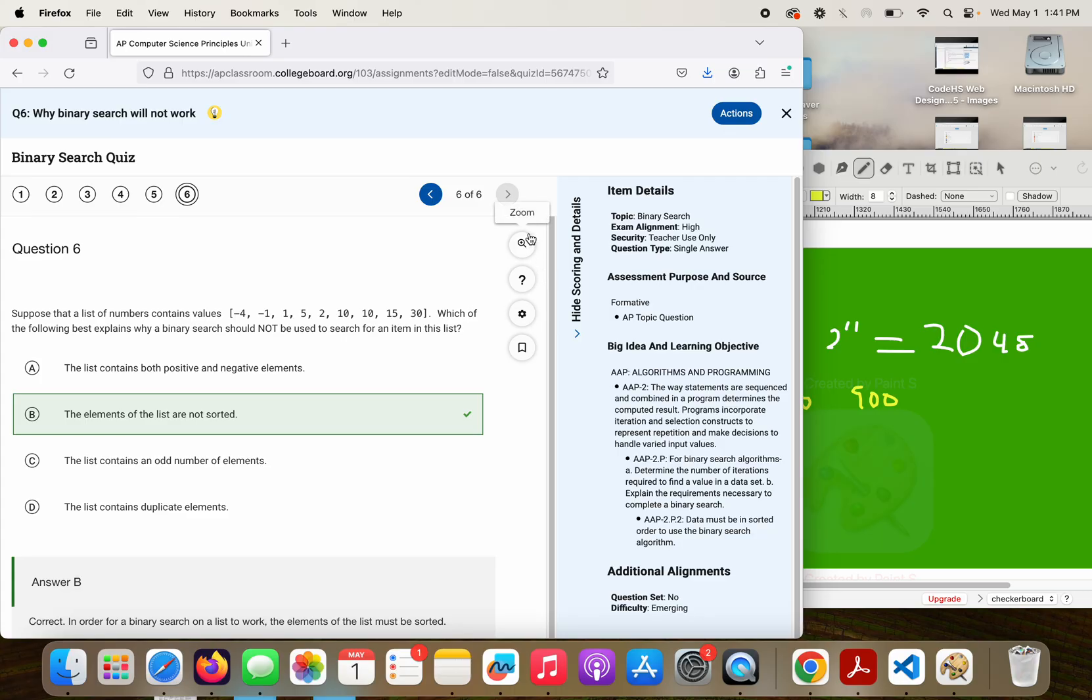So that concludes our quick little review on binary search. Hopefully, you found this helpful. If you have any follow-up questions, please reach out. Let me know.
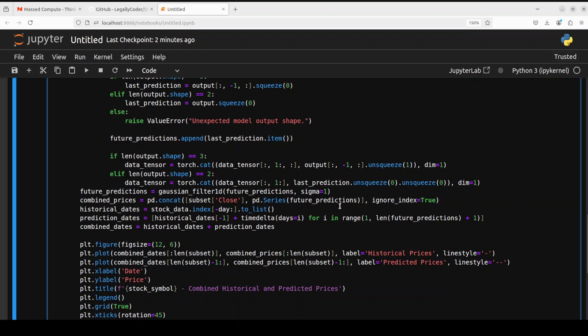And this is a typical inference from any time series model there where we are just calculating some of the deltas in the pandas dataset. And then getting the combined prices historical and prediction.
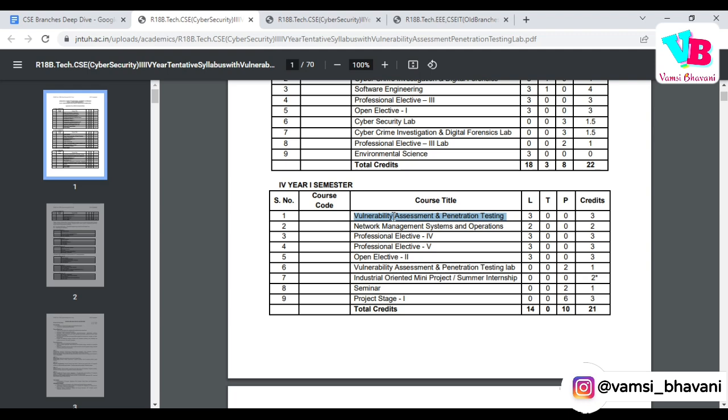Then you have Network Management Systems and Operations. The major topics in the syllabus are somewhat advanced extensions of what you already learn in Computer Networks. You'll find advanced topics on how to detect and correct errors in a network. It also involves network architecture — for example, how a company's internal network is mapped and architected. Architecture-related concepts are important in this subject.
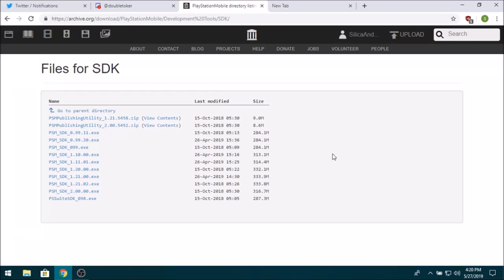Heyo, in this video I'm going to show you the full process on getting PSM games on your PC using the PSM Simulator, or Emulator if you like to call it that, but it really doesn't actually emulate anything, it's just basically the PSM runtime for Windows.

EXERCISE OBJECTIVE
From the first line to the last, transcribe the listing exactly; skip the pictures.

RESULT FOR THIS EXERCISE
So that concludes our quick little review on binary search. Hopefully, you found this helpful. If you have any follow-up questions, please reach out. Let me know.
And this is a typical inference from any time series model there where we are just calculating some of the deltas in the pandas dataset. And then getting the combined prices historical and prediction.
Then you have Network Management Systems and Operations. The major topics in the syllabus are somewhat advanced extensions of what you already learn in Computer Networks. You'll find advanced topics on how to detect and correct errors in a network. It also involves network architecture — for example, how a company's internal network is mapped and architected. Architecture-related concepts are important in this subject.
Heyo, in this video I'm going to show you the full process on getting PSM games on your PC using the PSM Simulator, or Emulator if you like to call it that, but it really doesn't actually emulate anything, it's just basically the PSM runtime for Windows.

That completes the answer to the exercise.